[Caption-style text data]
== Segment start ==
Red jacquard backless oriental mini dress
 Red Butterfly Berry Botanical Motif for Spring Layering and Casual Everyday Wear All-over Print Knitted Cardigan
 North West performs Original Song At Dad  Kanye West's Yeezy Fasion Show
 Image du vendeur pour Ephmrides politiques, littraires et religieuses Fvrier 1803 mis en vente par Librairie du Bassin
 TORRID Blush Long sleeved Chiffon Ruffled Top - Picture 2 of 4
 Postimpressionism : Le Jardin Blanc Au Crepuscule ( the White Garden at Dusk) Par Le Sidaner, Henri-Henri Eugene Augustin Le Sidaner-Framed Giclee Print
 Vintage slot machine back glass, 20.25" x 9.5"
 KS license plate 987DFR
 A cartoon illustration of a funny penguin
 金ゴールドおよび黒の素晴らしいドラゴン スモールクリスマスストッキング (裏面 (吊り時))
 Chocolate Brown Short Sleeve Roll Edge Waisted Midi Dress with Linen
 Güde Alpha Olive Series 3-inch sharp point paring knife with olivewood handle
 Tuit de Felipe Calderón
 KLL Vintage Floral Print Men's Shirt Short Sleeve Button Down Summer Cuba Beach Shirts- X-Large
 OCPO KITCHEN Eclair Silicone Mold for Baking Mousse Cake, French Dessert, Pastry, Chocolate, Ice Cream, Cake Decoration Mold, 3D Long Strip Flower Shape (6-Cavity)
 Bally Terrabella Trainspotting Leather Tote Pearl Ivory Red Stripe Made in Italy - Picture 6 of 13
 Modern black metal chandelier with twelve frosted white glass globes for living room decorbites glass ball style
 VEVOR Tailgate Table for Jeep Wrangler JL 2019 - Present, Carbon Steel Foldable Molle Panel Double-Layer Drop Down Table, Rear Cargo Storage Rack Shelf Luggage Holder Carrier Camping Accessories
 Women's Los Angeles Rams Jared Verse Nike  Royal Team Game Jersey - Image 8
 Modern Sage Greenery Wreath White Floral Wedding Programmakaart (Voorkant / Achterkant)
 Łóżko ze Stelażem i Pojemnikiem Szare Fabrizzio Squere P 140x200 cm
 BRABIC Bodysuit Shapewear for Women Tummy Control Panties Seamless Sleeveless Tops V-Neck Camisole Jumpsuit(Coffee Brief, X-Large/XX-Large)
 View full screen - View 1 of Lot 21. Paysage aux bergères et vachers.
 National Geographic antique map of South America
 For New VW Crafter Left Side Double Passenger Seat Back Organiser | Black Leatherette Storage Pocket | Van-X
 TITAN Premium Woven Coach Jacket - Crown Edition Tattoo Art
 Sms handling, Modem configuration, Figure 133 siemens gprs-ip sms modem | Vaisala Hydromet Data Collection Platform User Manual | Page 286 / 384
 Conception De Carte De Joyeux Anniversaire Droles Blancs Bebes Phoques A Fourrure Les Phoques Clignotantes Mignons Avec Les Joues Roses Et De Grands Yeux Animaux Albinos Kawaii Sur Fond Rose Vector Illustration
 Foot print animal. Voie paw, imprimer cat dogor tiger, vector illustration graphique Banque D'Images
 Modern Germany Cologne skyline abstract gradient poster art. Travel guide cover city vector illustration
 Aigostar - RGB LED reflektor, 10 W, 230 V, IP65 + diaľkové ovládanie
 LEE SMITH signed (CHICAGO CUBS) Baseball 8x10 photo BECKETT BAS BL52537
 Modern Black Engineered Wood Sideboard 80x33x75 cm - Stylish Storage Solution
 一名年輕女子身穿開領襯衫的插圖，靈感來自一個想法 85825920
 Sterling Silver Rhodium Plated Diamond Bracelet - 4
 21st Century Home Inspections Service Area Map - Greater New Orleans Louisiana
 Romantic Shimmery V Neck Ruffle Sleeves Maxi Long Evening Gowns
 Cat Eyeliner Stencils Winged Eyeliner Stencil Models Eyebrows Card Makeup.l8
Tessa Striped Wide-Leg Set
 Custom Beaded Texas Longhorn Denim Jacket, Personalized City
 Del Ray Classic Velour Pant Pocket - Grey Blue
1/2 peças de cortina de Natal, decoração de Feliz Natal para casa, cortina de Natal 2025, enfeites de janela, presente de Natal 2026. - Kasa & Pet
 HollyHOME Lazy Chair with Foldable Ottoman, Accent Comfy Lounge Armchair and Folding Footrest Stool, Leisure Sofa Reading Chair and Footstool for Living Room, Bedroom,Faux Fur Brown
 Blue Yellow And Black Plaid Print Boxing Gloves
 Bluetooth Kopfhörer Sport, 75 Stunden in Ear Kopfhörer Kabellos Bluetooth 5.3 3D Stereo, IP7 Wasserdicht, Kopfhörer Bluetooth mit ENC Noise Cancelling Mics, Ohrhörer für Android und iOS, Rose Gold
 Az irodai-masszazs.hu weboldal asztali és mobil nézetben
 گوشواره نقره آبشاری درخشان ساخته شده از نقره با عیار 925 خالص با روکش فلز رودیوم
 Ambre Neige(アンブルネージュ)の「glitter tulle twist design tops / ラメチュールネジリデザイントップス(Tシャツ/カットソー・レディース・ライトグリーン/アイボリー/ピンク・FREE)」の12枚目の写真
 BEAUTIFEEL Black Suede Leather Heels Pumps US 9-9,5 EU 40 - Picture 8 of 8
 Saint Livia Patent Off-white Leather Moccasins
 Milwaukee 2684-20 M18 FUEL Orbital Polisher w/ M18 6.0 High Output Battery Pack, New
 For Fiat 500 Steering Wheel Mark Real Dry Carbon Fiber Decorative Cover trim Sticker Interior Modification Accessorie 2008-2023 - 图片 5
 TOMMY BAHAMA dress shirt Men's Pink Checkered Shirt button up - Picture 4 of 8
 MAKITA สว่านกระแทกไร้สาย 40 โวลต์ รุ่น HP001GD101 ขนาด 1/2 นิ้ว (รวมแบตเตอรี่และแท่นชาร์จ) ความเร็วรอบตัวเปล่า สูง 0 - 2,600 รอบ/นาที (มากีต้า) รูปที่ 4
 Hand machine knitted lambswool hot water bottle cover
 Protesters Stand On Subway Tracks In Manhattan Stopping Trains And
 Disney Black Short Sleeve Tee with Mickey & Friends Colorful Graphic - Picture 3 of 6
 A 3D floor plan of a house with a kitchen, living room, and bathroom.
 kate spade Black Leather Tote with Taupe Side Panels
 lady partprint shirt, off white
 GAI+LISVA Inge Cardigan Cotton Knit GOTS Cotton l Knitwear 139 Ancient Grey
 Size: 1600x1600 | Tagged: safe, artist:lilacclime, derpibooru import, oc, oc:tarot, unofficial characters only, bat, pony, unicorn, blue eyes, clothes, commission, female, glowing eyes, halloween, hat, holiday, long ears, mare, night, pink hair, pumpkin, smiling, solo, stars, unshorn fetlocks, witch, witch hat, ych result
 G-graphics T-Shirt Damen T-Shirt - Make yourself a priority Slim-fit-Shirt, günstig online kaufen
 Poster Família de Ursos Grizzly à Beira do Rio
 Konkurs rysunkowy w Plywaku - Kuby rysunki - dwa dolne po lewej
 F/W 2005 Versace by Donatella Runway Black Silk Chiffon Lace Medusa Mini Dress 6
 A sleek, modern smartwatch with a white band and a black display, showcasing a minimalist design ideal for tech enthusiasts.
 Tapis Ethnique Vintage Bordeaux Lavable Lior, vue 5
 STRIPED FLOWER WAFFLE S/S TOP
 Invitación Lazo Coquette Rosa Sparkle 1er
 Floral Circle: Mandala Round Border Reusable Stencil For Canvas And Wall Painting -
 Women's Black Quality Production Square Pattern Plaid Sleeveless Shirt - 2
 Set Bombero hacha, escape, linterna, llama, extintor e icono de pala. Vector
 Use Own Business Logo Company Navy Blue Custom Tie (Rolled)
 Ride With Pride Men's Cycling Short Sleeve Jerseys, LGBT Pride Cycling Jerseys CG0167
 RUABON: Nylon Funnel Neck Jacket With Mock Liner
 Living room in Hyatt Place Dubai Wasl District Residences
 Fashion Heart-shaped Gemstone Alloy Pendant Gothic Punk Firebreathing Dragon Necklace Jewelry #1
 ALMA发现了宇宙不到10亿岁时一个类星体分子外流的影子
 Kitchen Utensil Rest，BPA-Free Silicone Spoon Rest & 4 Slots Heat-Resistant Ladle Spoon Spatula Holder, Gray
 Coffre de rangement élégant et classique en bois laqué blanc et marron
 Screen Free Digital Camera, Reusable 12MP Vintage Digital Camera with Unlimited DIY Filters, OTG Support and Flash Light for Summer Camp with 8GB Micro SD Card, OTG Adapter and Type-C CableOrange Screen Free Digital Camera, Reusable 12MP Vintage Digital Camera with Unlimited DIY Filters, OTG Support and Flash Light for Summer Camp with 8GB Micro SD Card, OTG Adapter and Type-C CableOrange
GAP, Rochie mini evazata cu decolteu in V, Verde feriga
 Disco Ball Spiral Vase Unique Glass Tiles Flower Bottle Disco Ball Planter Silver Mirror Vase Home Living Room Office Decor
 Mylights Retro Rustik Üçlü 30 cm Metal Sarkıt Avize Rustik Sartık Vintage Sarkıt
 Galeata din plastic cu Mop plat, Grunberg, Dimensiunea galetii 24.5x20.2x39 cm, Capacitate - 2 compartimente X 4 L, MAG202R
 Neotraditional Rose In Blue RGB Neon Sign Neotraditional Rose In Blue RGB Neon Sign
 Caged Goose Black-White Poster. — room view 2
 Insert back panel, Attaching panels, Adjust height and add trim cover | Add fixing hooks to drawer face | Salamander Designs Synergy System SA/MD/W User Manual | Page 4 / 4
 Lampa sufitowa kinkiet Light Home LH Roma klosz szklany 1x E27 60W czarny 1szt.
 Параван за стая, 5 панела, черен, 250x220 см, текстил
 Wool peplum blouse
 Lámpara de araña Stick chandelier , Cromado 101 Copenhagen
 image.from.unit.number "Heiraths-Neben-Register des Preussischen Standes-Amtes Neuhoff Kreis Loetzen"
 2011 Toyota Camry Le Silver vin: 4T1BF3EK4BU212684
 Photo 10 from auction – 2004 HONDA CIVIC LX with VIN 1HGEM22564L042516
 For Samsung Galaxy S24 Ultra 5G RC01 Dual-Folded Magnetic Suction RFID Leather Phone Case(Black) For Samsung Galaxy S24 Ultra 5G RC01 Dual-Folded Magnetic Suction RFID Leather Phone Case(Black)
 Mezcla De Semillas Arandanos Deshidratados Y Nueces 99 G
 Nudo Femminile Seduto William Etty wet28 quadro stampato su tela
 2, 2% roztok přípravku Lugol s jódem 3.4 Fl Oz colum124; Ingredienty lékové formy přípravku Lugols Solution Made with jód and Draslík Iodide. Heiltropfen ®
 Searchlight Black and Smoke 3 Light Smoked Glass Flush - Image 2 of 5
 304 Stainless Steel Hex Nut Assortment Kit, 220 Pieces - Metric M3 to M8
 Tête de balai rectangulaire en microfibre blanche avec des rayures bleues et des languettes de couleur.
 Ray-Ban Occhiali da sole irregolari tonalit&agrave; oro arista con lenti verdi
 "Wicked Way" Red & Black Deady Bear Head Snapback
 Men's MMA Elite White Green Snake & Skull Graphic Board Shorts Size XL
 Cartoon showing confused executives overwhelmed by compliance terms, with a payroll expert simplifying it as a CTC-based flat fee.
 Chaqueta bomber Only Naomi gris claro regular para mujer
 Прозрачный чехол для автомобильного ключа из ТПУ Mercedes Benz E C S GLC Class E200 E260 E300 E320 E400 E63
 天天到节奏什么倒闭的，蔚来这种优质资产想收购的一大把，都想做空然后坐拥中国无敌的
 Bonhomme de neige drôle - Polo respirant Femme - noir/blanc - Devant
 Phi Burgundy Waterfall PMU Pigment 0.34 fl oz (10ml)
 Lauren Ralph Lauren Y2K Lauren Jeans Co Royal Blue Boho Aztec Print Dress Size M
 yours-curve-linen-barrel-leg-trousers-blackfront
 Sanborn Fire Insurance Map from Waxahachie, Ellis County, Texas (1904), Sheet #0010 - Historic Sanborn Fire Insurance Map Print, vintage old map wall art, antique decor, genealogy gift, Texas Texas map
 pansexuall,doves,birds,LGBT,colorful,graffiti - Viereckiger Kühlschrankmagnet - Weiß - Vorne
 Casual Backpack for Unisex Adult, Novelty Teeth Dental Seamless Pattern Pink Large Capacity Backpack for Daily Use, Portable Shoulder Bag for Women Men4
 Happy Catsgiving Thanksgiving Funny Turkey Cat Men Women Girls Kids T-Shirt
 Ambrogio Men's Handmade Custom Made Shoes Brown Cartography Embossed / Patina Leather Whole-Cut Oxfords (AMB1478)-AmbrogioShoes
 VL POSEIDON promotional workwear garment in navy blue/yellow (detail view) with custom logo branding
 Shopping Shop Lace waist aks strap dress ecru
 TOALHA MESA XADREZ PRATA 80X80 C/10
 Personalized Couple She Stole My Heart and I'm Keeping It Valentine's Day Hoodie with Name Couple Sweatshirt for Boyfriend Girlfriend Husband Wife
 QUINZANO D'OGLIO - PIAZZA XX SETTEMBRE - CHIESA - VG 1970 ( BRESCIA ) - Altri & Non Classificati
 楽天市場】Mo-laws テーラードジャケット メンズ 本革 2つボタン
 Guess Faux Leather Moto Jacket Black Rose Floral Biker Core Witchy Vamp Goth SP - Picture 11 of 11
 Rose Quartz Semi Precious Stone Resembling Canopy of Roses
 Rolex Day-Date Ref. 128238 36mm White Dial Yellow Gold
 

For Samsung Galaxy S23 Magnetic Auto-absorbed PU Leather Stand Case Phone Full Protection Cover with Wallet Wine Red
== Segment end ==
### TASK ITEM
Please find each line in the records above that holds the word "Holder", and copy it.

### ANSWER FOR THIS EXERCISE
 VEVOR Tailgate Table for Jeep Wrangler JL 2019 - Present, Carbon Steel Foldable Molle Panel Double-Layer Drop Down Table, Rear Cargo Storage Rack Shelf Luggage Holder Carrier Camping Accessories
 Kitchen Utensil Rest，BPA-Free Silicone Spoon Rest & 4 Slots Heat-Resistant Ladle Spoon Spatula Holder, Gray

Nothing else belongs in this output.